Ooma, Inc. (NYSE:OOMA) Q3 2024 Earnings Call Transcript

Eric Stang: Yes. We’re a little reluctant to try to answer that question with too much detail because it’s only been six or seven weeks that we’ve been developing this opportunity now as and owned it. But we do see real meaningful opportunities. There are users out there of the Kazoo platform from an open source perspective that could be converted over into paying users by offering them more than what they have today. There are significant opportunities for new customers to be brought onto the platform, some of whom would be moving off another platform that’s out there and others that just are going to sunset, maybe something they’ve built internally and want to move to something more modern. I think we are close to getting our first customer to move off of another company’s platform and on a Kazoo, but we’ll have to wait and see if we close that in Q4.

And then thirdly, the CPaaS services, and we have a very specific effort in place today to bring Ooma’s cost structure and scale in telecom services as a CPaaS offering to the install base and then move from there. Predicting what that will be for next fiscal year is hard for us. I think that we’ll learn a lot the next three months in our sales efforts, and then be able to give better guidance at the end of the next quarter.

Operator: Our next question comes from the line of our Arjun Bhatia with William Blair. Your line is open.

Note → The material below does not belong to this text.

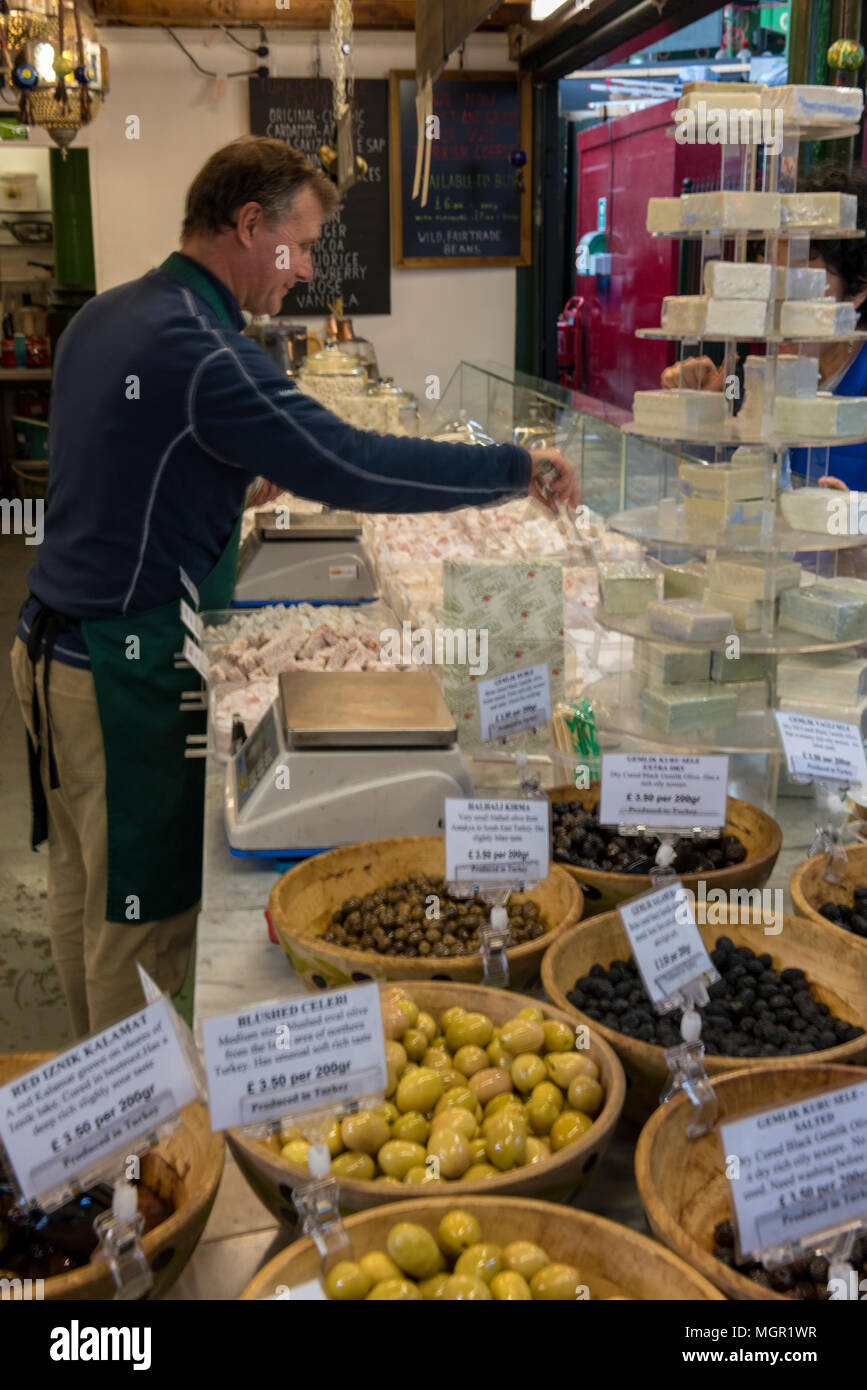 a stall holder or market trader selling fresh olives and continental speciality cheeses at a stall on borough market in london. high quality foods. Stock Photo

Arjun Bhatia: If I could just go back to the user growth, I know it sounded like it was your largest customer Regus that was driving some of the headwinds there, but if we looked to other customers. are you seeing similar kind of muted growth there in Q3 and Q4? Or is it largely related to Regus Regus we’re seeing slower growth from the customer base from the user base rather?

Eric Stang: Yes. Hi. Well, we’re thinking for both Q3 and Q4, particularly Q4 now. We’re going to see, as you said, muted growth with our large customer. But beyond that, we want to be cautious because Q4 is an interesting quarter with the holidays involved and small businesses taking time off, we’re being very busy with the holiday time. It’s not always the best time for customer acquisition. We’re being very sensible about that in our investment strategies. We are controlling our sales and marketing spend. We’re happy with our customer acquisition costs, and we’re improving the EBITDA commensurate. Our EBITDA is growing faster than our — the growth of our other metrics. So, I think we have a good plan for Q4. But yes, we’re being a little guarded just to wait and see how it turns out.

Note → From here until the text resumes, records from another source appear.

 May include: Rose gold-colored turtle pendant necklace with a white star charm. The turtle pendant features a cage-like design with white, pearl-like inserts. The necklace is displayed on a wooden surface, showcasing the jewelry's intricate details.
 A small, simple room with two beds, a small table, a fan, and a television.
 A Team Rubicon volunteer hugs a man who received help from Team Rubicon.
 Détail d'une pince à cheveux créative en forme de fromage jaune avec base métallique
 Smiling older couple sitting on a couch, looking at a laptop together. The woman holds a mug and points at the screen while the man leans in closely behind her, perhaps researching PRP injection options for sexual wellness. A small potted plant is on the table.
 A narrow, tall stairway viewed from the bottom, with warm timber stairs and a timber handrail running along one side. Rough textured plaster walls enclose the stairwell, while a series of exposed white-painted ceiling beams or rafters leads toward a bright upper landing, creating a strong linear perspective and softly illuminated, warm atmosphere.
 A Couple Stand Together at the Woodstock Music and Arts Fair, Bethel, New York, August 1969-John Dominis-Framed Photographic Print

I can give one more data point. I know you didn’t ask about residential, but we’re pleased with our residential business thus far into the quarter. We’re through Black Friday and Cyber Monday, and that Thanksgiving period when it, we want to drive some sales on the residential front, and we were happy with what we achieved this year compared to a year ago. So that’s one piece of positive news that we already have.

Arjun Bhatia: Okay. Perfect. That’s helpful. And then maybe going back to Regus, I know you were talking about expanding into other countries and the opportunity that could pose longer term. How should we think about what that process is like to go into other countries? How long does it typically take to open up a new geography? How many resources are required? What are the challenges? Maybe just help us understand that process a little bit better.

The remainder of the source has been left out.